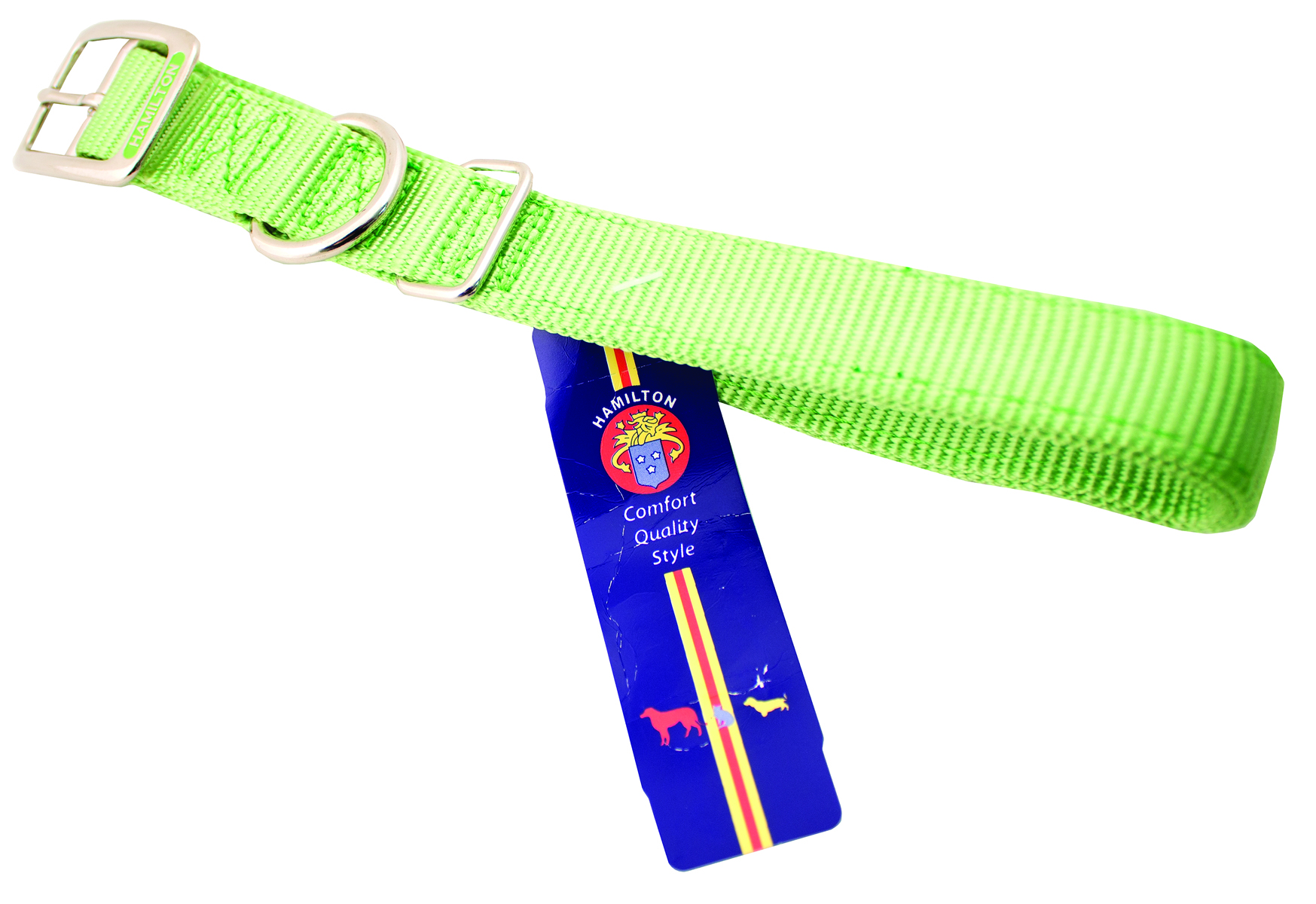 Double Nylon Dog Collar - Lime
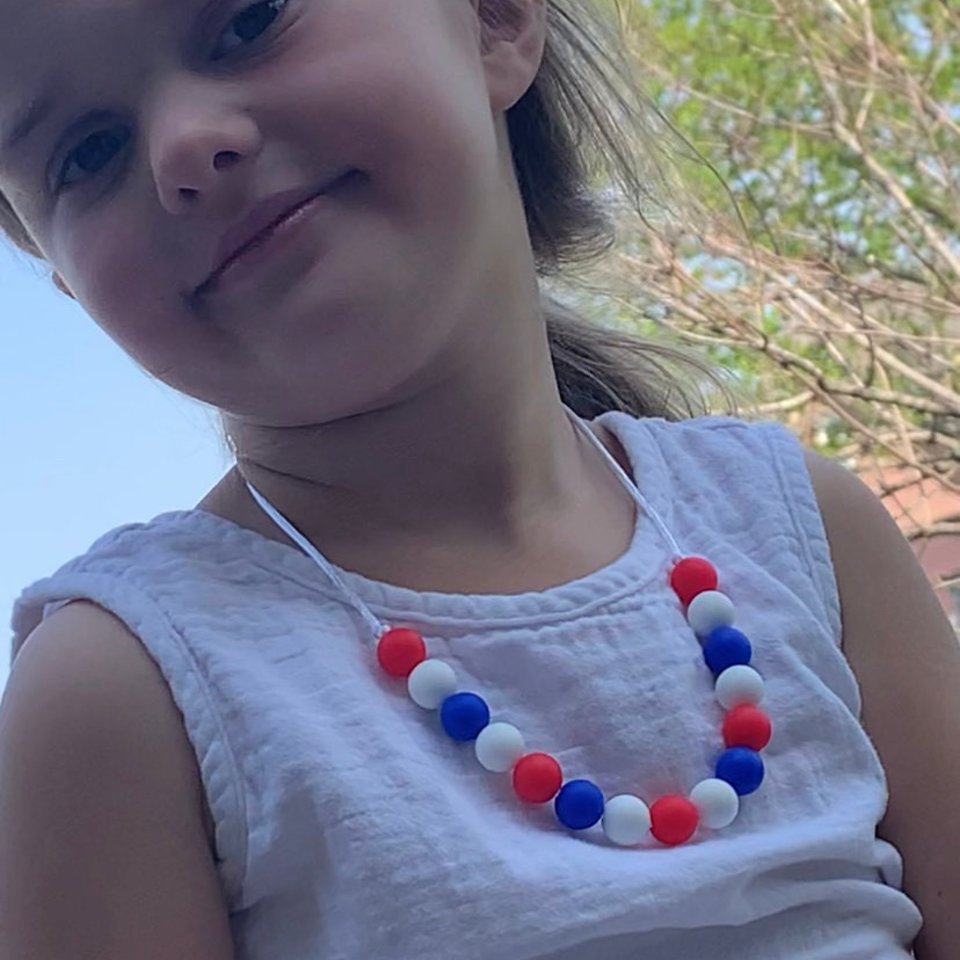 Kids’ Necklace Red White & Blue - Independence Day USA, Girl Jewelry, Toddler Necklace, Patriotic Necklace, 4th of July Necklace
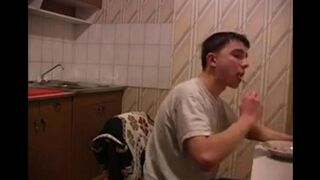 The mother, having cancer, was fucked by her son right in the kitchen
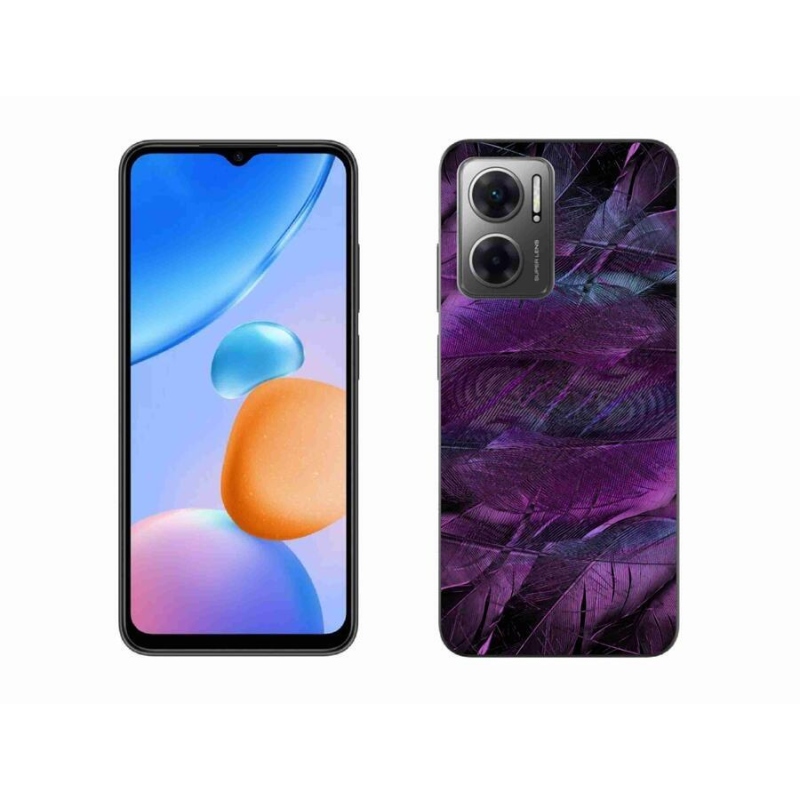 Gél borítás mmCase a Xiaomi Redmi 10 5G készülékhez - lila tollak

> _EXERCISE DIRECTIONS_: Only the pictures are to be left out; restate everything else in the listing word for word.

> _RESULT OF THE EXERCISE_:
 Double Nylon Dog Collar - Lime
 Kids’ Necklace Red White & Blue - Independence Day USA, Girl Jewelry, Toddler Necklace, Patriotic Necklace, 4th of July Necklace
 The mother, having cancer, was fucked by her son right in the kitchen
 Gél borítás mmCase a Xiaomi Redmi 10 5G készülékhez - lila tollak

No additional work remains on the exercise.